## Dataset entries
###

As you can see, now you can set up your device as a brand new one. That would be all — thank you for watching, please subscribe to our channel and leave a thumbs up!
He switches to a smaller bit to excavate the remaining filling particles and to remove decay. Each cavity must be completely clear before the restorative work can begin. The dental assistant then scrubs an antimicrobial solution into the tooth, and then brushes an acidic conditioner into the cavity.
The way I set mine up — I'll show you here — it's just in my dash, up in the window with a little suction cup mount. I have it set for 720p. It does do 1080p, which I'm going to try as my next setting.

###

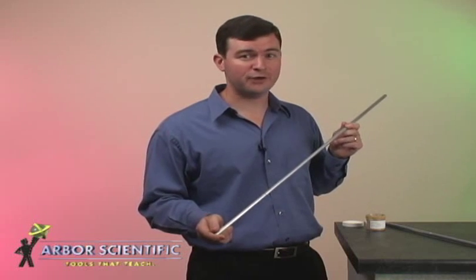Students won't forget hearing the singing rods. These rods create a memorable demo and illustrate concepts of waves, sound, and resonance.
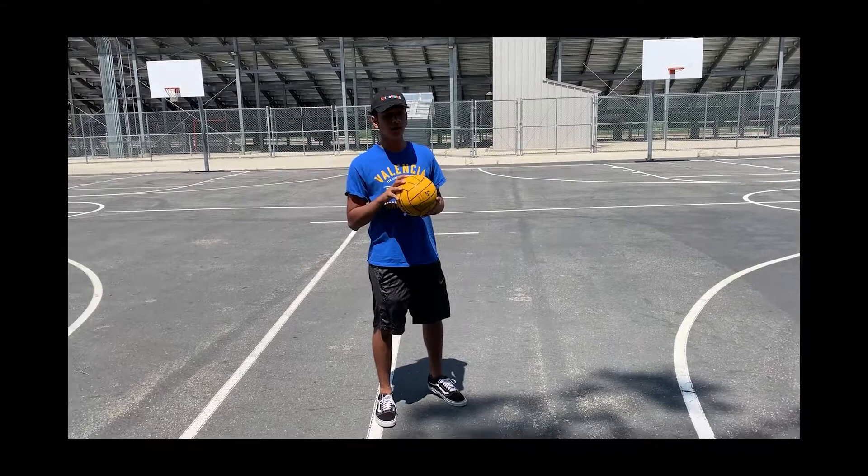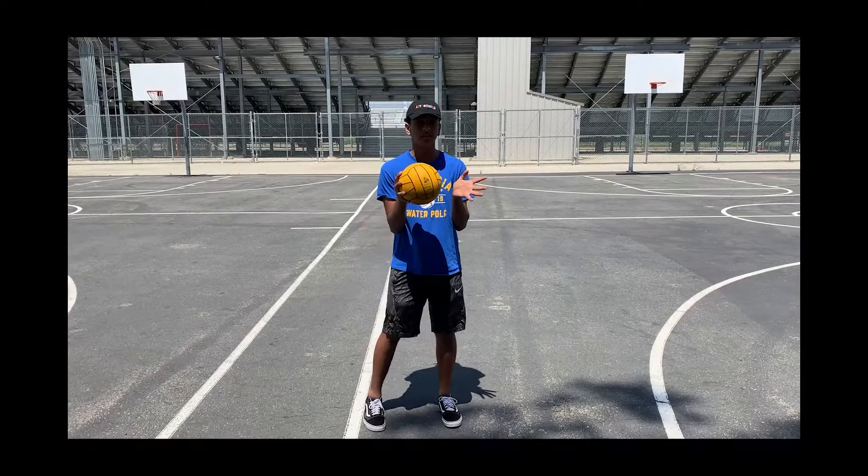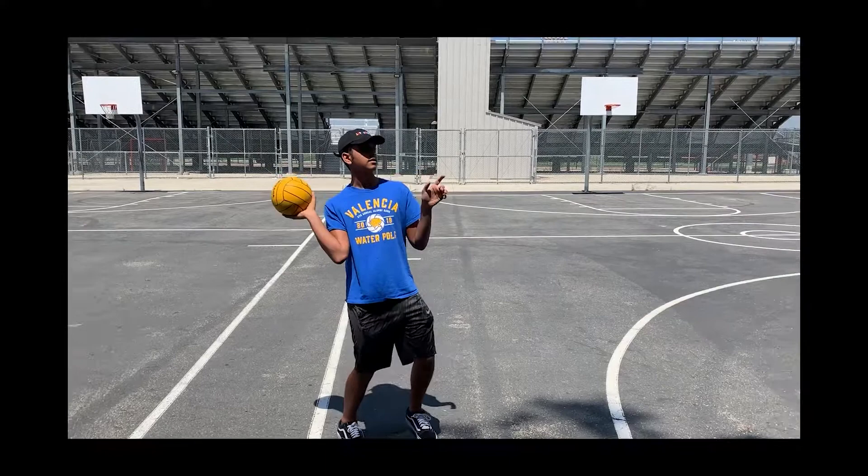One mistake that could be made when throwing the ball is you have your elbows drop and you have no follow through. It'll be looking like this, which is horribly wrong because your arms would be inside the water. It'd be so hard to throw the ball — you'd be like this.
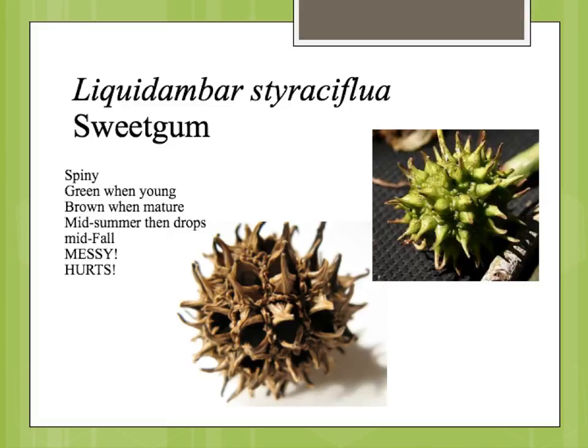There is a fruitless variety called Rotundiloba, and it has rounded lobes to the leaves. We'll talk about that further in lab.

###

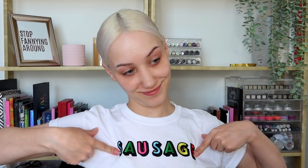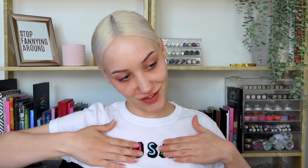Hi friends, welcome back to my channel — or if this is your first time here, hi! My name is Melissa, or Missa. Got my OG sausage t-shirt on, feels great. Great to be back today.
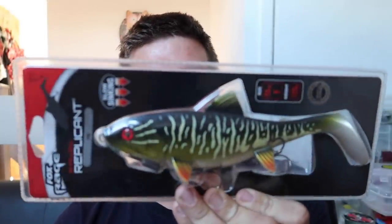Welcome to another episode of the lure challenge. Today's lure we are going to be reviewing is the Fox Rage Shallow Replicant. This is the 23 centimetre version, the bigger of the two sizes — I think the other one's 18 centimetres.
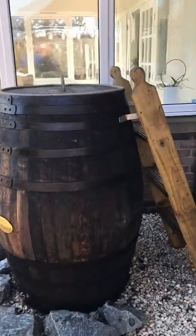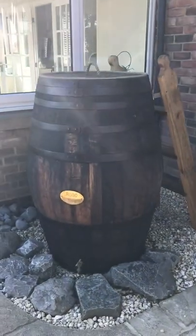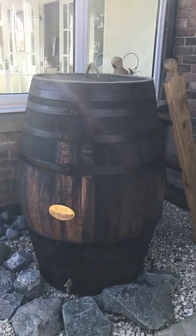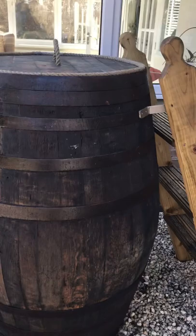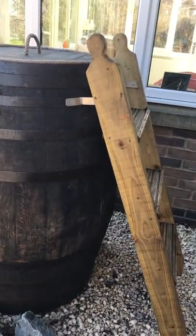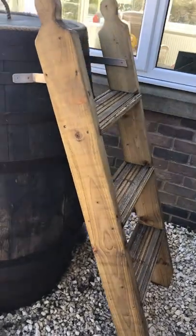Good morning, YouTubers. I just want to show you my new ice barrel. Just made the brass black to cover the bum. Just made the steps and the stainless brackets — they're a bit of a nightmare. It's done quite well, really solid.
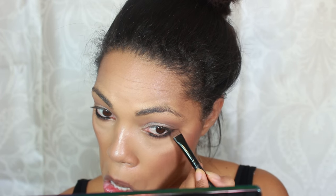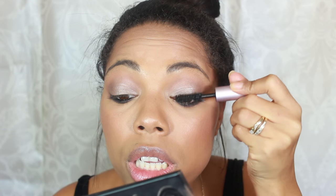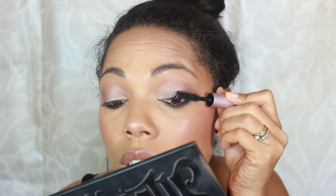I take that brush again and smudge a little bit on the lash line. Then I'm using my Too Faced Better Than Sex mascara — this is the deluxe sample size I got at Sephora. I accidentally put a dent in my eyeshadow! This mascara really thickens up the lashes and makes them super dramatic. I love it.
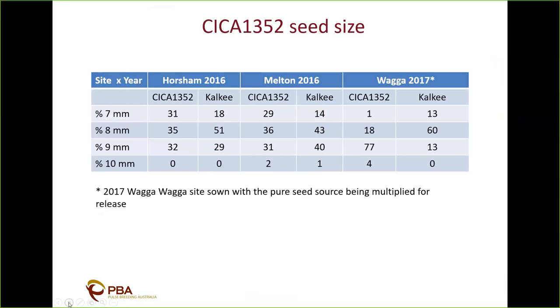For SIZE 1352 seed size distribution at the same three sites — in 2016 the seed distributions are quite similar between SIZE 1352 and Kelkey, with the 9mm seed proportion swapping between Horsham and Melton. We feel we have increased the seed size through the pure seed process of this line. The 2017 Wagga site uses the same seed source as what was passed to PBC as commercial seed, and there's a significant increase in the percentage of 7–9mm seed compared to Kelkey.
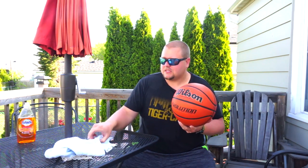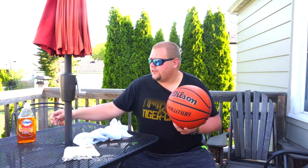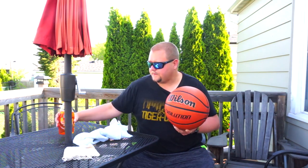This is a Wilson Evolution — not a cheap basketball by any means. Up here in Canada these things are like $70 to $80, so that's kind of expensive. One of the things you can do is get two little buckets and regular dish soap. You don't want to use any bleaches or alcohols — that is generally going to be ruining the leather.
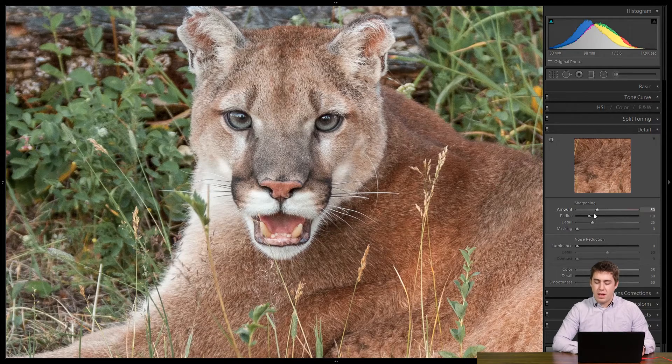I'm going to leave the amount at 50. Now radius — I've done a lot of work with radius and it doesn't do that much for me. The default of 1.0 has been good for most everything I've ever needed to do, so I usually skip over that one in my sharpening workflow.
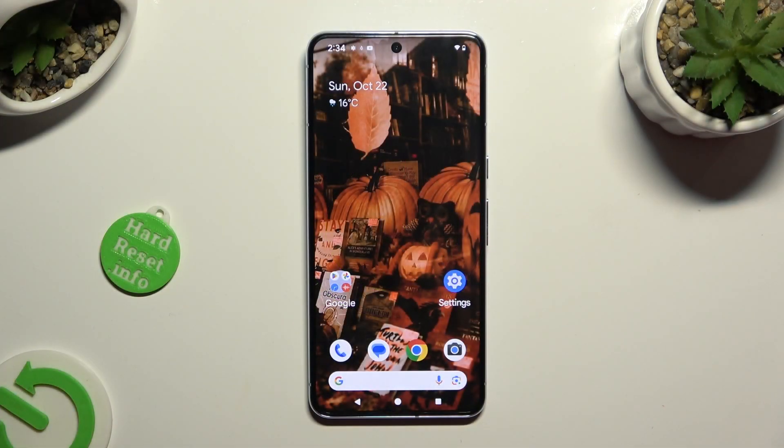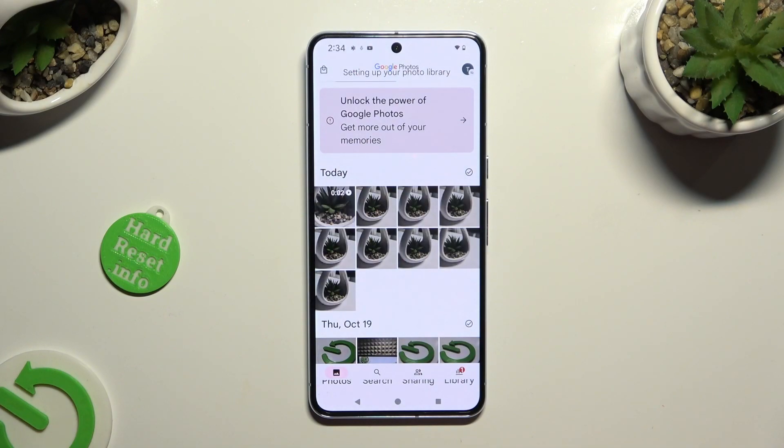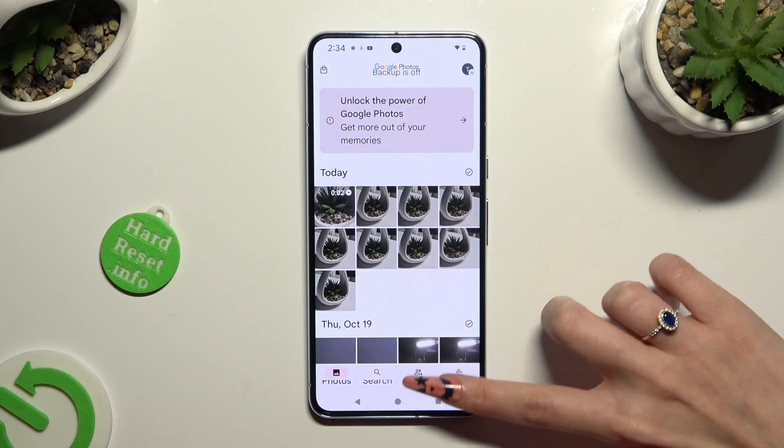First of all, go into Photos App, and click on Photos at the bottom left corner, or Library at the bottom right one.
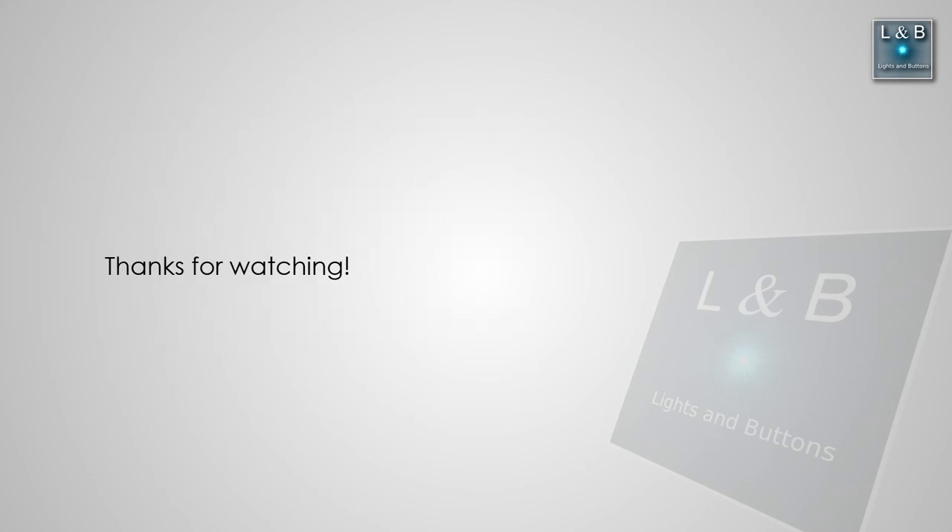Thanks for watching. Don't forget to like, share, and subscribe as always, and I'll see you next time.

###

## Task statement
Only the lines above from the one with "As you can see, now" up to and including the one with "The way I set" should be repeated, exactly as written.

## Reply to the exercise
As you can see, now you can set up your device as a brand new one. That would be all — thank you for watching, please subscribe to our channel and leave a thumbs up!
He switches to a smaller bit to excavate the remaining filling particles and to remove decay. Each cavity must be completely clear before the restorative work can begin. The dental assistant then scrubs an antimicrobial solution into the tooth, and then brushes an acidic conditioner into the cavity.
The way I set mine up — I'll show you here — it's just in my dash, up in the window with a little suction cup mount. I have it set for 720p. It does do 1080p, which I'm going to try as my next setting.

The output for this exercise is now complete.